3代目のブログ(スタジオライブレポート 最適化)

<絣糸の最適化>

久留米絣は、括り(くくり)と呼ばれる技法であらかじめ糸に柄を施しますが、図案に設計する際に「最適化」と考えます。

思い描いた図案で必要な糸の束(本数)は、当然、常に一定ではなく柄によっては絣糸の比率が多い物や逆に絣糸の比率が非常に少ない場合など、様々です。しかし括り工程においては糸の分量は一定でなければなりません。そのため仮に柄を構築するのに30本しか絣糸を必要としない場合でも括り工程の中では120本の糸の束を必要とするなどの状況が多々生じます。1回の括り工程で12反(144m)分の絣糸の仕込みで終わる柄もあれば、48反(576m)の絣糸の分量ができる場合など制作する柄によって大きく変わります。そのため図案上で絣糸を使う比率を増やしたり、減らしたりして柄を修正し、仕込みと織りのバランスで「最適化」を考えます。

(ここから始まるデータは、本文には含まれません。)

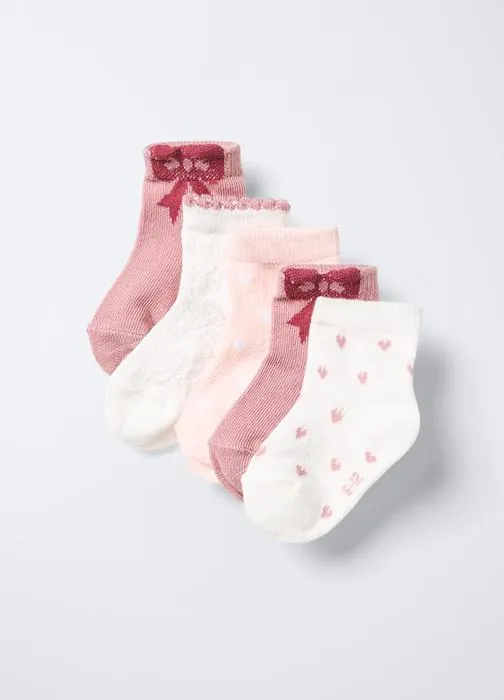 Paket od 5 pari kratkih čarapa za bebe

特定の企画柄など柄の修正が困難な場合や柄のバランスが著しく崩れる場合なども発生するために最終的に絣糸が余ってしまう場合も多々あります。その場合は、余った絣糸を有効活用するために絣糸を基準にした新たな柄を設計します。生地幅すべてに使用する糸の分量は、絣糸と地糸(柄が入ってない無地の糸)で構成されますので、地糸についても同様に余った糸を有効活用するために新たに図案を設計し絣糸との掛け合わせで作ります。概ね独創的な幾何学模様になる場合が多いですが、様々な絣パターンと地糸の配色により柄を再構築する作業は、職人としてのキャリアをスタートさせた頃から意識的に取り組んできたこともあって、今では得意分野となりました。糸を見るだけで頭の中に柄が浮かんできて「柄の最適化」が一瞬でイメージできます。